(Image-text web data)
******************************
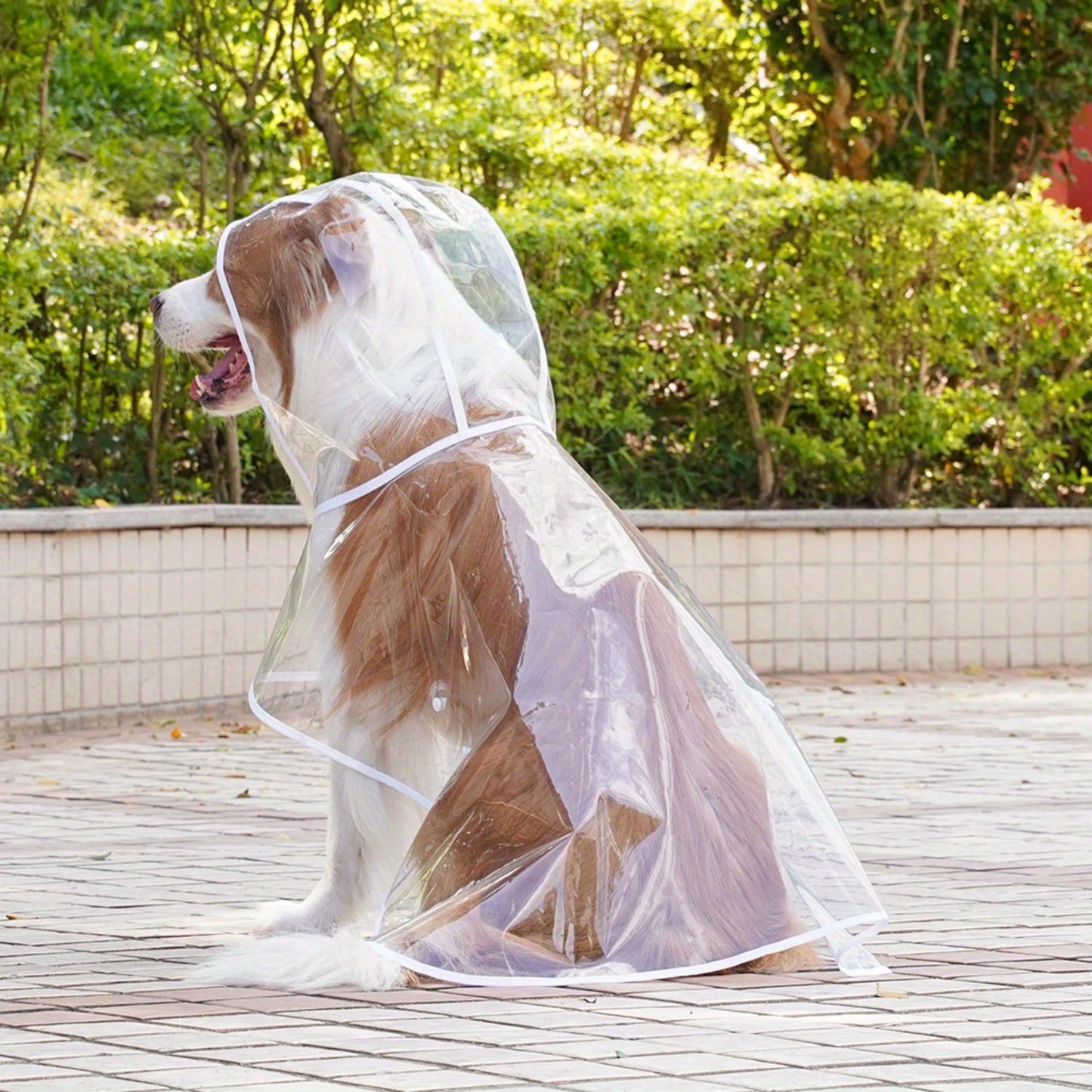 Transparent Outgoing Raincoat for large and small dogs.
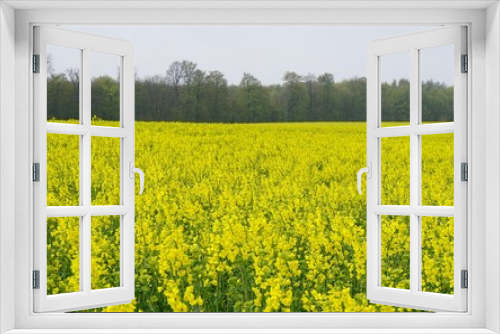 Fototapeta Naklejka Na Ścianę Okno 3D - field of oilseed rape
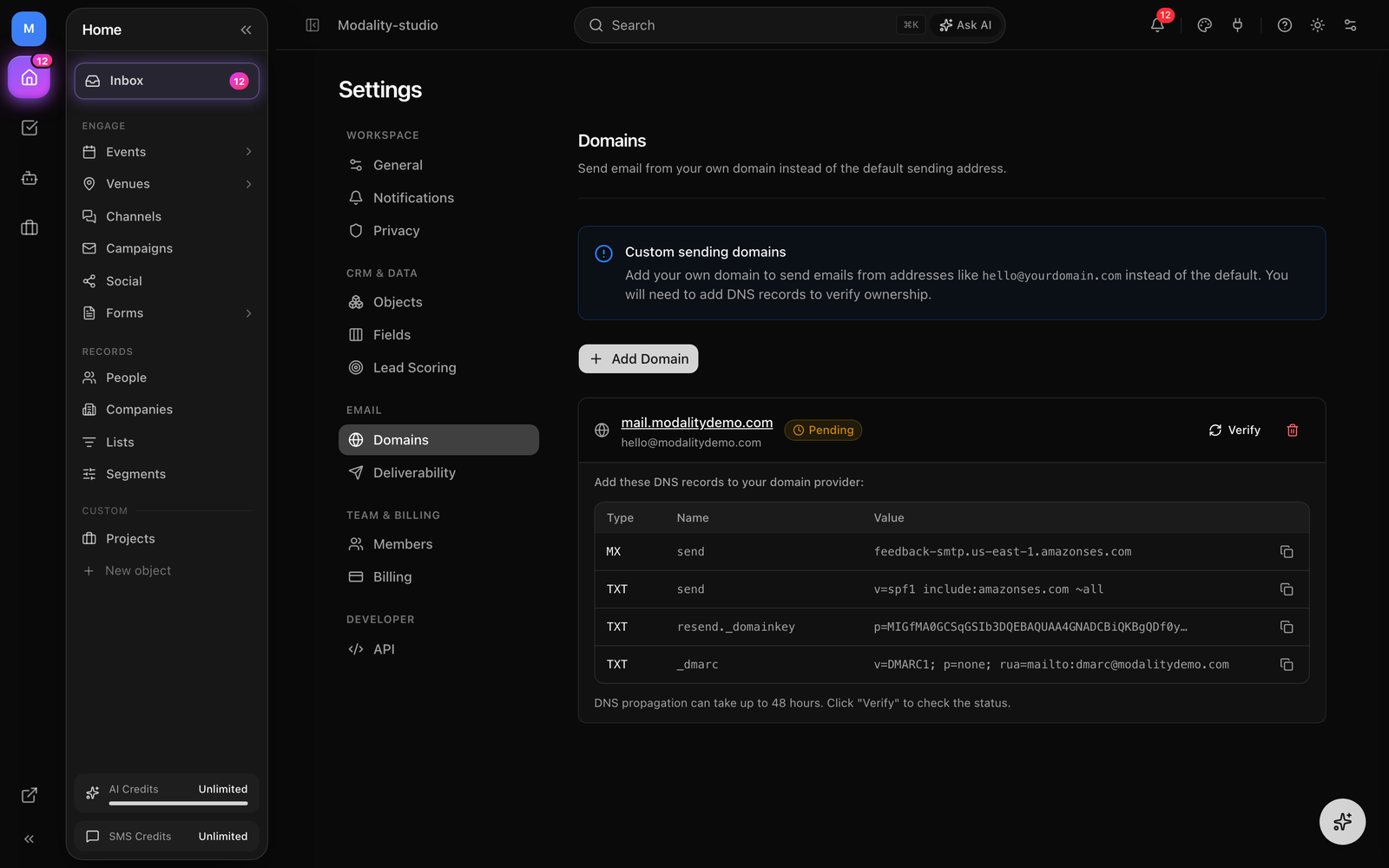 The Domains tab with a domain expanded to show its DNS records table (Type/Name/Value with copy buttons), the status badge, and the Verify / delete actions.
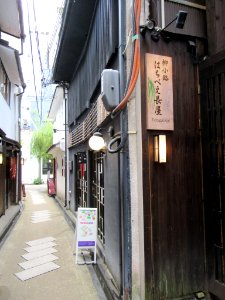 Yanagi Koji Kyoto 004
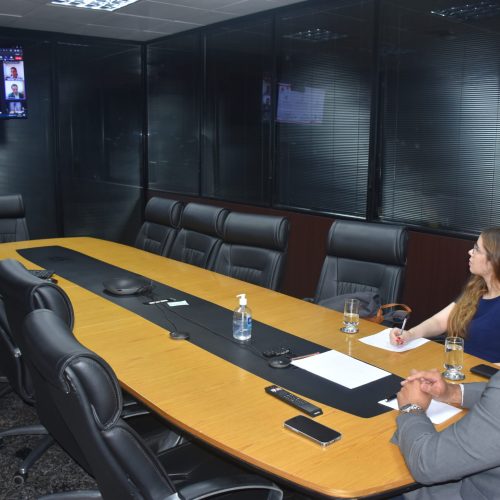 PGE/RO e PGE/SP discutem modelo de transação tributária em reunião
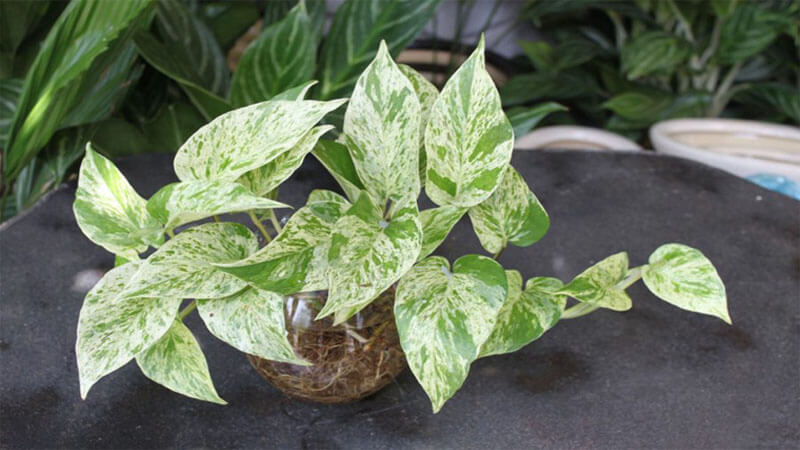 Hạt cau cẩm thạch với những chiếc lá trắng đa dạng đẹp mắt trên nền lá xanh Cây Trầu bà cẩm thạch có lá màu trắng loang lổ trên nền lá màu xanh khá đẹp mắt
******************************
#### Aim of the exercise
Could you output every record above exactly as it appears, without the pictures?

#### Task result
 Transparent Outgoing Raincoat for large and small dogs.
 Fototapeta Naklejka Na Ścianę Okno 3D - field of oilseed rape
 The Domains tab with a domain expanded to show its DNS records table (Type/Name/Value with copy buttons), the status badge, and the Verify / delete actions.
 Yanagi Koji Kyoto 004
 PGE/RO e PGE/SP discutem modelo de transação tributária em reunião
 Hạt cau cẩm thạch với những chiếc lá trắng đa dạng đẹp mắt trên nền lá xanh Cây Trầu bà cẩm thạch có lá màu trắng loang lổ trên nền lá màu xanh khá đẹp mắt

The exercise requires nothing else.